She wrote to Mr. Barradine, simply asking him to exert this influence on behalf of her husband; and the reply—the letter that she tore up—was in these words: "I will do what I can; but why don't you come and ask me yourself?" Of course she knew what that meant.

It was at the railway station, when bidding Dale good-by, that she made up her mind to save him at all costs. When he refused to act on Ridgett's advice, when he showed himself so firm, so unyielding, she knew that he was a man going to his doom, unless she could avert the doom.

"And, Will—believe it or not—no woman ever loved a husband truer than I loved you at that moment. To see you there so brave and strong and good—and yet certain sure to ruin yourself! Well, I couldn't bear it. And if it was to do again, I'd do it."

Slowly he withdrew his hands from her throat, and clasped them together with all his strength. Turning for a moment, he glanced at the open window. The space seemed to have contracted and darkened, so that it looked black and small as a square grave cut out for a child. But if not by the window, what other end to it all would he find? He could not go on like this—with a to-morrow and a day after, and weeks and months to follow.

He turned, and in speaking to her, unconsciously used her name.

"Could you think, Mavis, I cared for my job better'n my honor?"

"I thought you'd never know. And I loved you, Will—only you—no one else."

He scarcely seemed to listen to the answer. He turned from her again; and went on talking, as if to himself or the far-off stars, or the invisible powers that mold men's destinies.

"'Aardn't I my fingers and brains—to work for you? Would I care—so's you could be what I thought you were—whether I broke my back or burst my heart in working for you? Besides, t'wouldn't 'a' bin that. What was it but the loss of the office—a step back that I'd soon 'a' recovered."

He groaned; then suddenly he unclasped his hands and brandished them. The rhythmic beat of his rage came strong and high, and with savage energy he seized her again.

"It's half lies still. The money? How does that match? He gave it to you. Deny it if you dare."

"Yes, I tried not to take it. He forced it on me."

"Lies! It was the bit for yourself when you drove your bargain—nothing to do with me—you—you. The price of your two or three nights of love."

"No, I swear. He forced the money as a present. The price he paid was his help to you. As God hears me, that's the truth."

Then, answering more and more questions, she resumed her story.

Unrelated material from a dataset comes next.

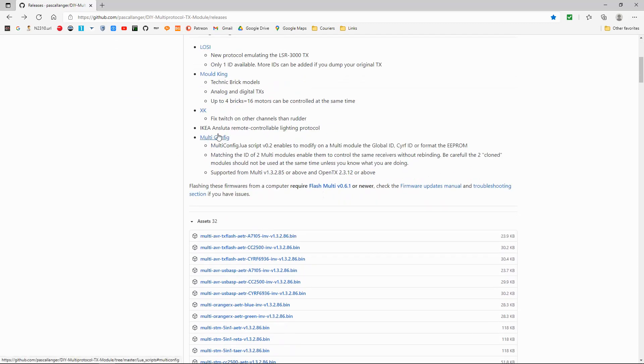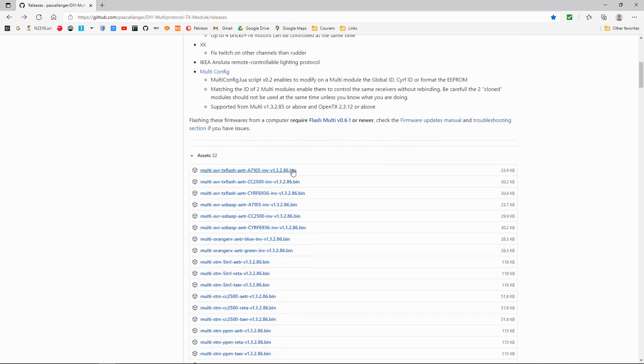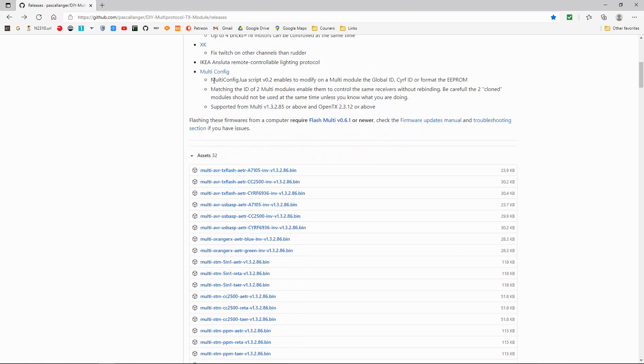It's an IKEA remote control lighting protocol — that's interesting. I went and googled this to find out what it is, because I know IKEA is a European wholesaler of furniture. There's not much said on there, but you can use your remote control to turn your lights on and off.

After Dale's departure she went over to North Ride, thinking that Mr. Barradine was at the Abbey, and that he would come to her at the Cottage. She sent a letter inviting him to do so. There was no answer for four days. Then Mr. Barradine wrote to her from London; and she went up on Friday afternoon, and saw him at Grosvenor Place. "He said he'd engaged rooms for me at an hotel, and I was to go there; and I went there."

"What hotel?"

"The Sunderland Hotel—Alderney Street."

"Go on."

"I waited in the rooms."

"Rooms! You mean one room, you slut!"

"No, there were four rooms—a grand suite."

"Go on."

"He said he would come to me next day, or Sunday at latest. And he didn't come on Saturday—I stopped indoors all day, afraid to go out for fear of meeting you—and he didn't come till Sunday, after lunch."

"Ah! How long did he stay?"

"Till early this morning. Will, let me be—I'm done. You're throttling me."

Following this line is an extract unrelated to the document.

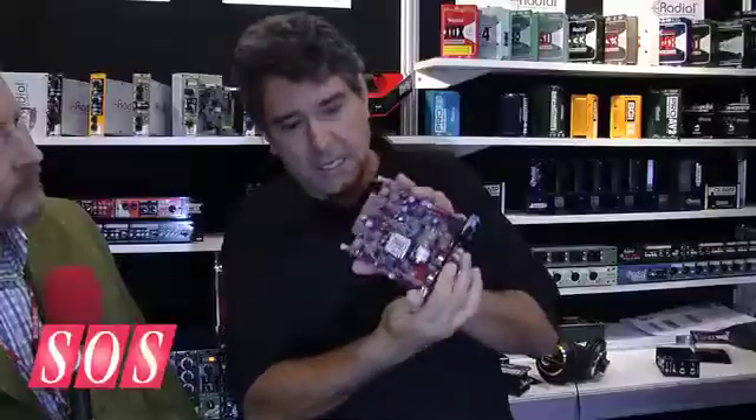I'm going to spin that around — Jensen transformer, 12AX7 tube. Simply put: warm, smooth, lots of character.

"Go on. I'll 'aarve it all out of you. Begin at the beginning. It's Sunday afternoon we're talking of—ever since lunch time. There's a many hours to amuse yourselves."

"After dinner he made me dress up."

"What d'you mean?"

"He had brought things in his luggage—fancy dress."

"What dresses?"

"Oh, boy's things—things he'd bought in Turkey, on his travels. He made me act that I was his page—and bring the coffee, and sit cross-legged on the ground."

"Go on."

"No—what's the use?" She was crying now. "Oh, God have mercy, what's the use?"

"Go on."

"No. Kill me, if you want to, and be done with it. I don't care—I'm tired out. What I've gone through was worse than death. I'm not afraid of dying."

She would tell him no more; she defied him; and yet he did not kill her. She lay weeping, moaning, at intervals, repeating that desolate phrase, "What's the use? Oh, what's the use?"

Irremediable loss—it sounded in her voice, it crept coldly in his burning veins, it came spreading, flooding, filling the whole earth in the first faint glimmer of dawn. He sat on the edge of the bed, let his hands fall heavy and inert between his knees, and for a long time did not change his attitude.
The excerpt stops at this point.